### Input records
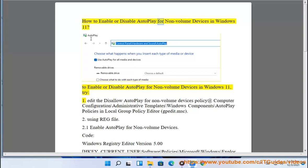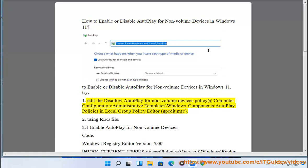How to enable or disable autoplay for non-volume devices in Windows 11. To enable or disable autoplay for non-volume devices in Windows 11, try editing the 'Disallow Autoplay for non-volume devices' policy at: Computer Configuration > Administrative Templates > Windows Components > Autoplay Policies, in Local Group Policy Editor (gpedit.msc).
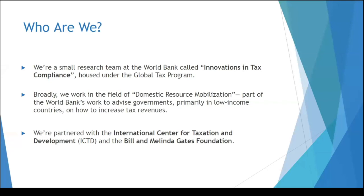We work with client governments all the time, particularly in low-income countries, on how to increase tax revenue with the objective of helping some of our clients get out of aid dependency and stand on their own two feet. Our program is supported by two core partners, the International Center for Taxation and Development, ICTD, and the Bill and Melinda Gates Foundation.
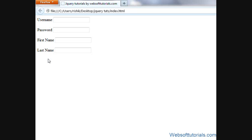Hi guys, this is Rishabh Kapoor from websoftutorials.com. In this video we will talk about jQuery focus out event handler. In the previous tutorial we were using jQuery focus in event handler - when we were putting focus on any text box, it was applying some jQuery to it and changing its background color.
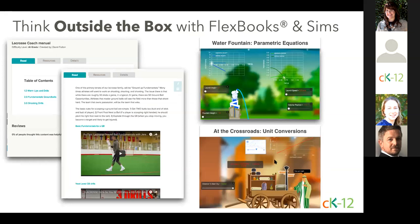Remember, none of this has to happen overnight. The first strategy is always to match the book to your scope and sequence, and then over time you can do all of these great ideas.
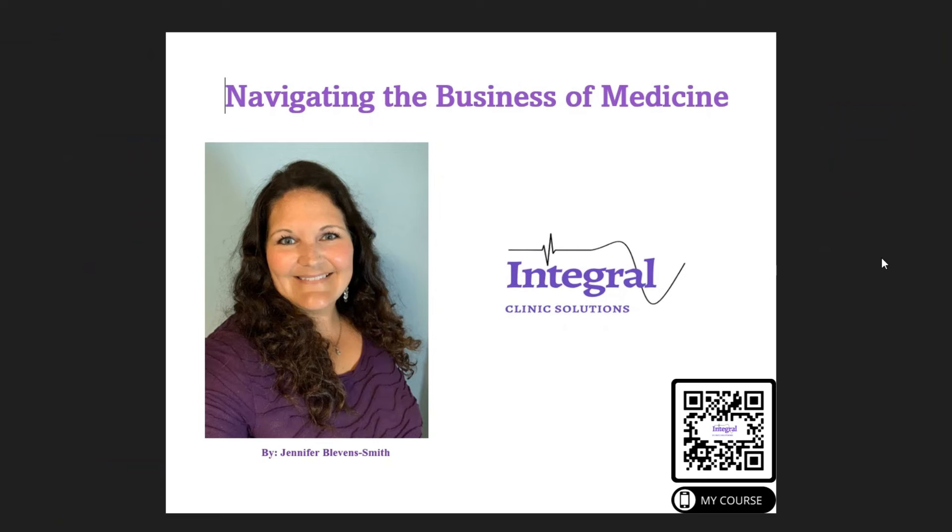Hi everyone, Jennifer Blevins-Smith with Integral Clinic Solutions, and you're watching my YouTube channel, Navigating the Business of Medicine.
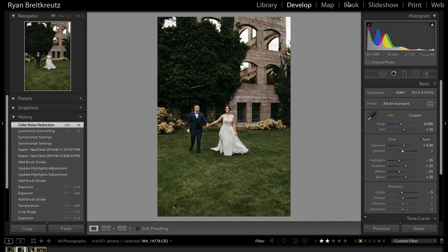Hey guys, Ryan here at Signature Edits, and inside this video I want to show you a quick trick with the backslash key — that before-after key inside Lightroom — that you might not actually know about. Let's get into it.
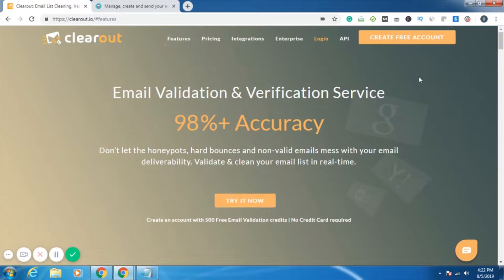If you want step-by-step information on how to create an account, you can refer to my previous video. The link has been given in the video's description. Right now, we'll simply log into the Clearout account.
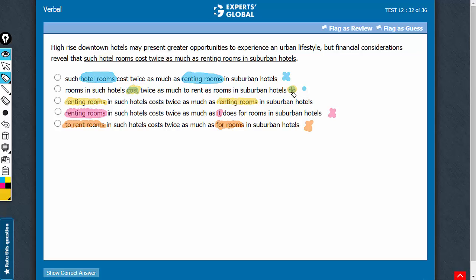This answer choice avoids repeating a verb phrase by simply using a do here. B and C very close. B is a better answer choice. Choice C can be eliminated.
######
● Task brief
Using the records above, return word for word the lines that begin at the one containing "Hey guys, Ryan" and end at the one containing "If you want", both of them included and no pictures.

● Expected answer
Hey guys, Ryan here at Signature Edits, and inside this video I want to show you a quick trick with the backslash key — that before-after key inside Lightroom — that you might not actually know about. Let's get into it.
If you want step-by-step information on how to create an account, you can refer to my previous video. The link has been given in the video's description. Right now, we'll simply log into the Clearout account.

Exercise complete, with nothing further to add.